Dodecylamine germination of spores of C. perfringens strains. Spores of strains SM101 (wild type) (□), DPS101 (gerK) (▪), and DPS103 (gerAA) (▴) were incubated at 60°C with 1 mM dodecylamine (pH 7.4), and DPA release was measured as described in Materials and Methods.

FIG. 11.

Putative model for nutrient and nonnutrient germination of C. perfringens spores. Nutrients activate germinant receptors, resulting in Ca-DPA release from the core, which triggers activation of SCLEs. External Ca-DPA induces germination through a mechanism that requires the GerK receptor to fully activate downstream germination events. Dodecylamine triggers DPA release by ultimately opening a DPA channel (composed of SpoVA proteins, by analogy with B. subtilis spores) in the spore's inner membrane.

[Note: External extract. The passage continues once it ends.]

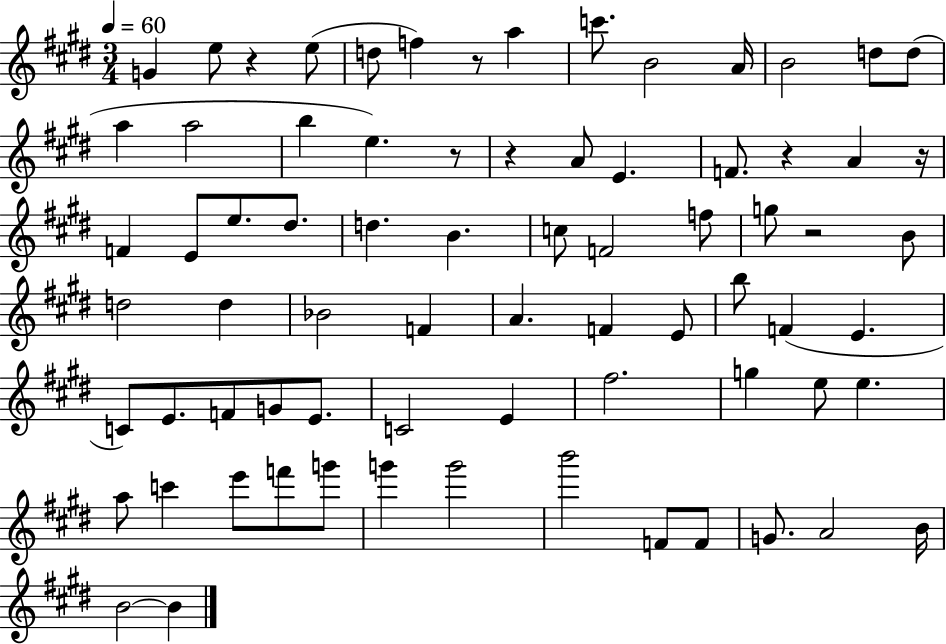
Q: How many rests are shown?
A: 7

Since dodecylamine germination is unaffected by gerAA mutation but is reduced by loss of GerKA and GerKC, dodecylamine presumably acts on both the GerK receptor, to indirectly open a DPA channel, and the DPA channel itself. SCLEs are then activated by the Ca-DPA release triggered by dodecylamine, and SCLEs then promote cortex hydrolysis and completion of spore germination.